**What needs to be done:**
The result should be the lines from the one holding "Quần Lót Nữ" to the end of the records below, repeated exactly. No pictures.
*** Supplied information Section Begins ***
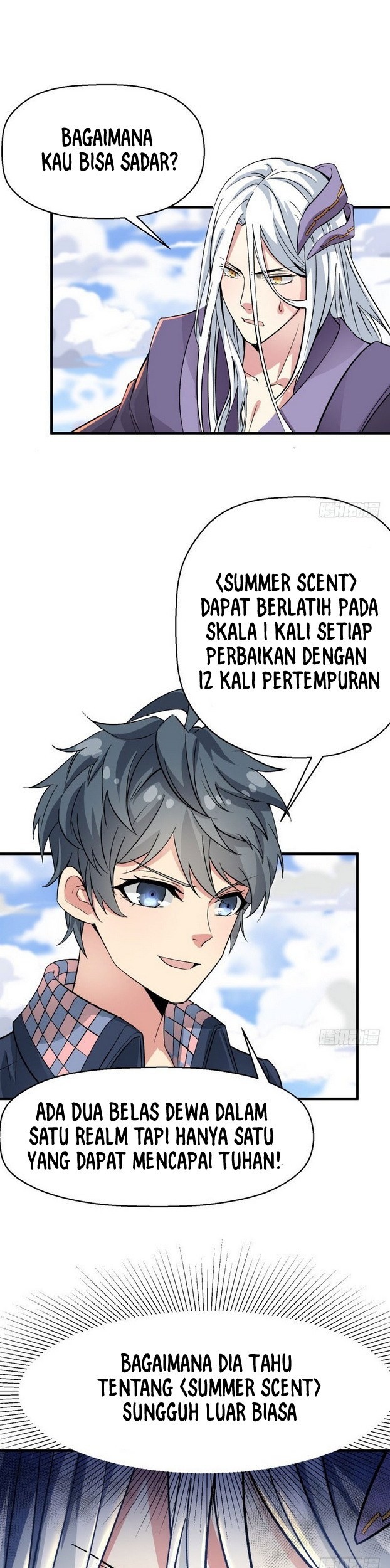 Baca I Picked Up An Attribute Chapter 02 Gambar 2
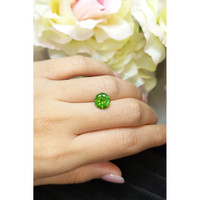 3.04 Ct. Demantoid Garnet from Russia Life Style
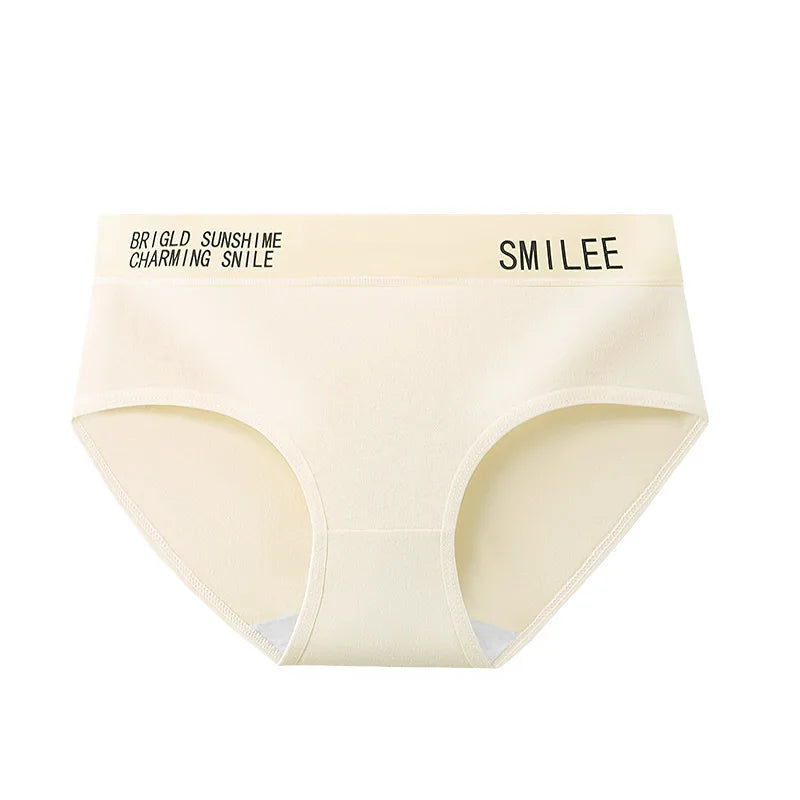 Quần Lót Nữ Cotton Kháng Khuẩn Mềm Mại - 7 Cái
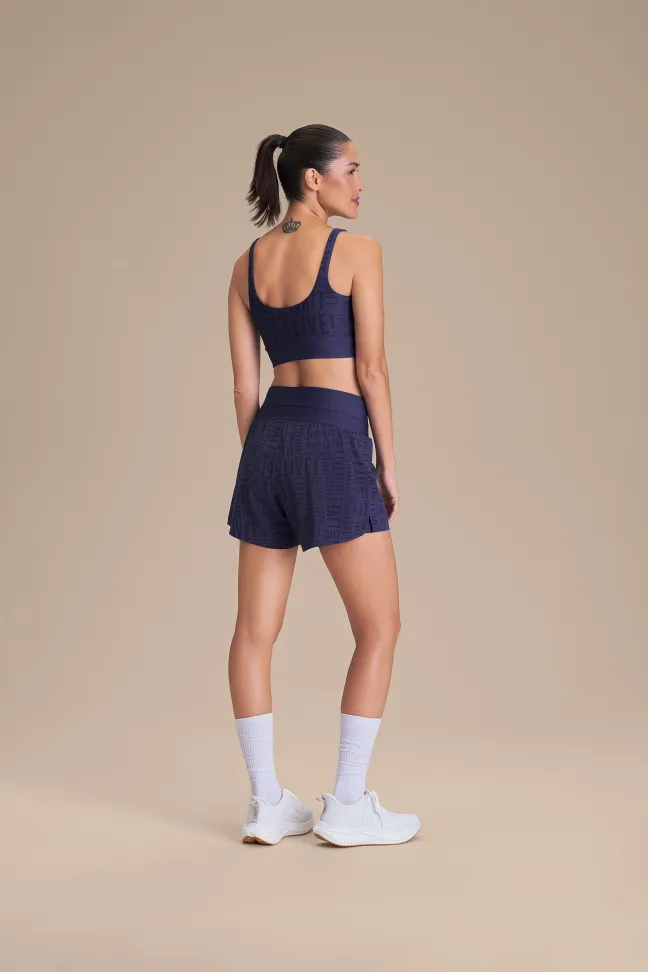 Top Fitness Feminino LIVE! Move Tide com Bojo Removível - #3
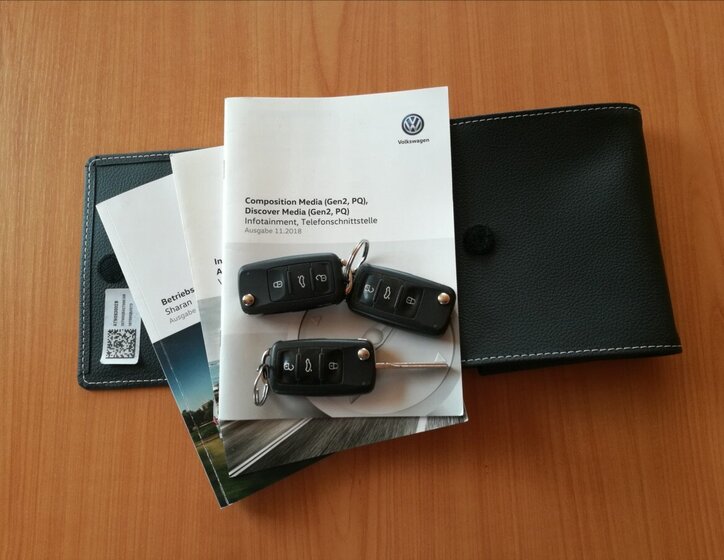 Volkswagen Sharan Kombi 2,0 l 130 kw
*** Supplied information Section Ends ***
**Written response:**
 Quần Lót Nữ Cotton Kháng Khuẩn Mềm Mại - 7 Cái
 Top Fitness Feminino LIVE! Move Tide com Bojo Removível - #3
 Volkswagen Sharan Kombi 2,0 l 130 kw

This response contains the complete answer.